Comienza en el adusto ambiente de una sala de audiencias, con un juez que pasa revista a las fechorías de un grupo de infractores a la ley y distribuye penas según la calidad de las faltas cometidas, que van desde el pintarrajeo de monumentos públicos o las borracheras escandalosas hasta las pequeñas estafas, las raterías y, en algún caso, una golpiza feroz derivada de un incidente callejero. Los acusados son todos jóvenes, por lo general víctimas del desempleo, sin futuro alentador a la vista. Y la mayoría son obligados a cumplir decenas o centenas de horas de trabajos comunitarios. Incluso el violento Robbie, el de la golpiza, cuyo frondoso prontuario ya registra temporadas en la cárcel: lo salva el hecho de que su novia (una influencia benéfica para él, según apunta la asistente social) está a punto de hacerlo padre por primera vez. Aun así, todos los caminos hacia la redención parecen cerrados para Robbie; lo determina su pasado violento, su temperamento irascible, una encarnizada e imparable rivalidad que le viene de lejos, y hasta un suegro dispuesto a expulsarlo de Glasgow con tal de alejarlo de su hija. Y no hay aparentemente nadie en toda la ciudad que sea capaz de pasar por alto las cicatrices que lleva en la cara y denuncian su pasado para ofrecerle un empleo.

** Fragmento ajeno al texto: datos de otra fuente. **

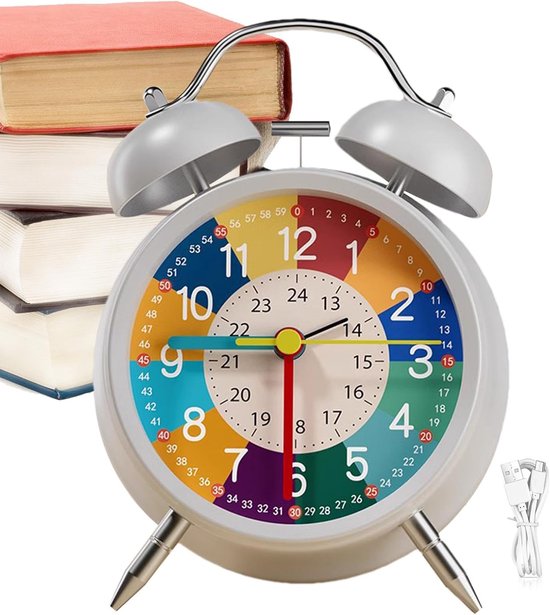 Kinderwekker Analoge Klok - Educatieve Wekker - Leren Klokkijken - Nachtlampje Stil - 125B centimeter - Kleurrijk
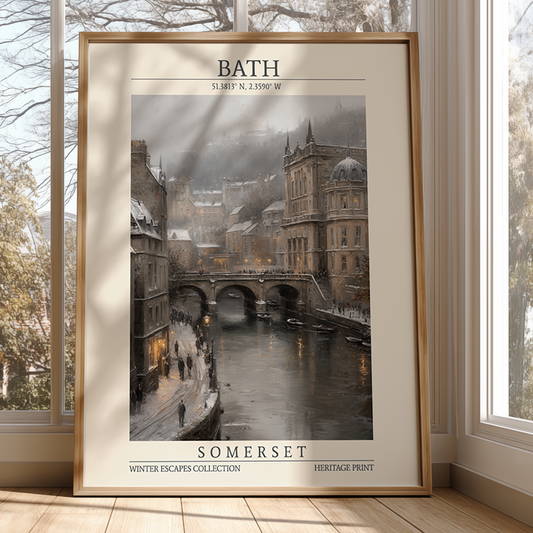 Framed poster of Bath, Somerset with a snowy scene and architectural details.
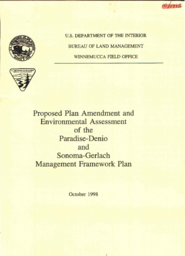 Proposed plan amendment and environmental assessment of the Paradise-Denio and Sonoma-Gerlach management framework plan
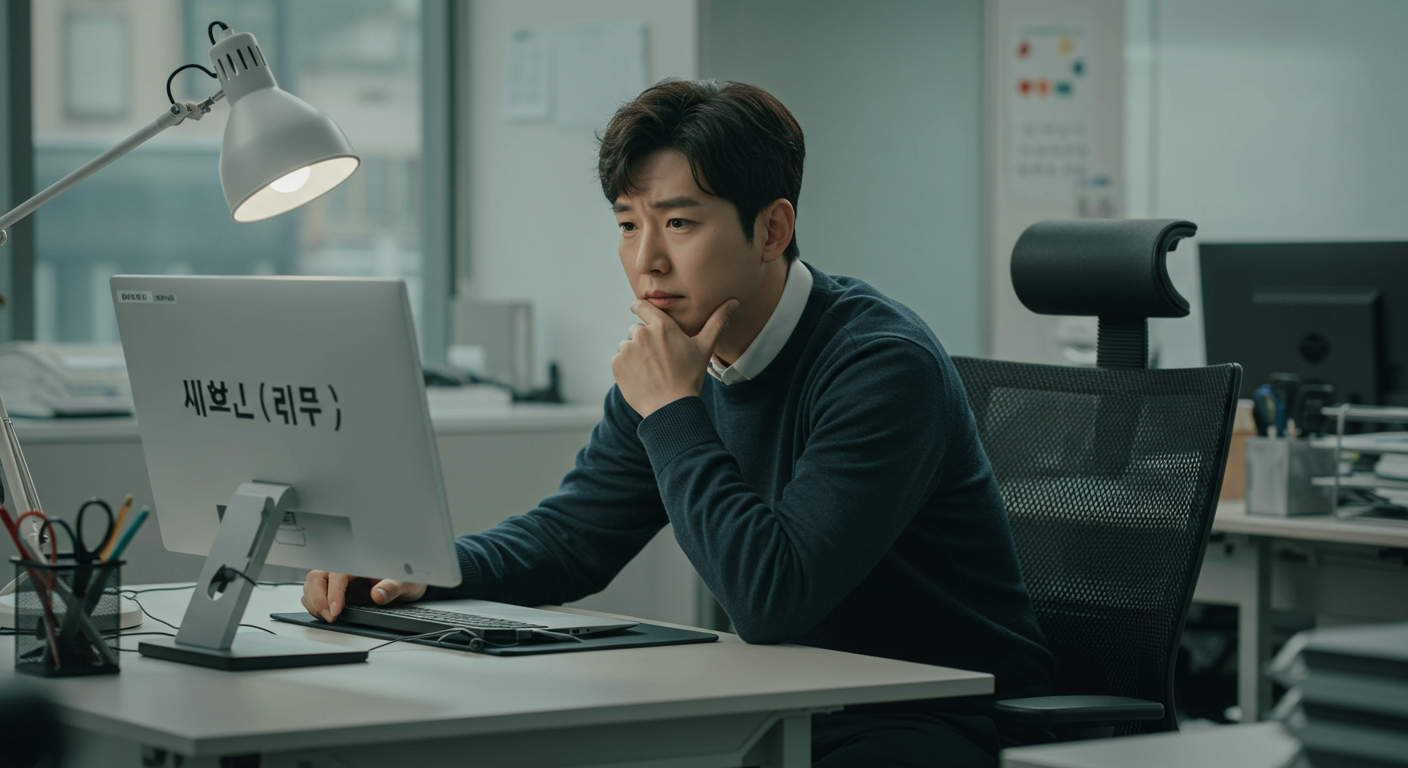 사무실 책상 앞에서 '어떻게'와 '어떡해'를 보며 혼란스러워하는 직장인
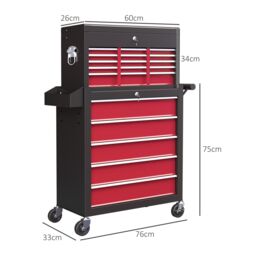 HOMCOM Rolling Tool Cabinet on Wheels with 14 Drawers, Pegboard & Side Rack, Lockable Top Tool Chest & Roller Cabinet Combo for Workshop & Hom in Red - thumbnail 3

Estamos, como se ve, en el mundo de Ken Loach, entre los excluidos del sistema, los que siempre han pasado inadvertidos por la declamada igualdad de oportunidades. Pero el cine comprometido con lo social del laureado director inglés -aquí más optimista que nunca- ha elegido esta vez un tono más liviano, próximo a la comedia y, tal vez, a la fábula. Del clima severo del ámbito judicial del comienzo se llegará a las sonrisas esperanzadas del final. En el camino hacia esa esperanza (y a la redención del protagonista) habrá un invitado sorpresa: el whisky.
Y también, fundamental, el buen samaritano que tiende una mano al muchacho y trae consigo el humanismo clásico de Loach. Al que se agregan el inesperado talento natural que Robbie esconde en su nariz y una única y picaresca recaída en el delito. Porque, como en Los desconocidos de siempre , con los que guardan algún parentesco, además de generar similar simpatía, los perdedores de Loach se conocen mientras cumplen su condena lijando y pintando paredes. Y como aquellos, también planean un golpe.
El botín, hasta entonces impensado para ellos, les saldrá al encuentro gracias a un encadenamiento de circunstancias. Cuando el supervisor que está a cargo de los "condenados" celebra con un brindis el nacimiento del hijo de Robbie, lo introduce, sin proponérselo, en los secretos del whisky. Y no sólo eso: termina descubriendo en el muchacho sus excepcionales dotes de catador. Del ingreso en ese mundo de refinados sibaritas, coleccionistas y millonarios capaces de gastar fortunas para conseguir las variedades más cotizadas de la bebida nacional escocesa y del traslado de la acción a las Highlands provienen no sólo la idea del "golpe", sino también algunas de las escenas más divertidas, las más ilustrativas (la visita a la destilería es casi un pequeño documental sobre whisky) y las ironías más sutiles que aporta el guión de Paul Laverty.
La parte de los ángeles (se refiere al 2 por ciento de alcohol que se pierde cada año en las barricas) es una comedia social graciosa y al mismo tiempo conmovedora y lo es también gracias a la naturalidad de su elenco, en el que descuellan los intérpretes no profesionales (Paul Brannigan, el protagonista, es todo un hallazgo) y los consagrados, como John Henshaw, el generoso Harry.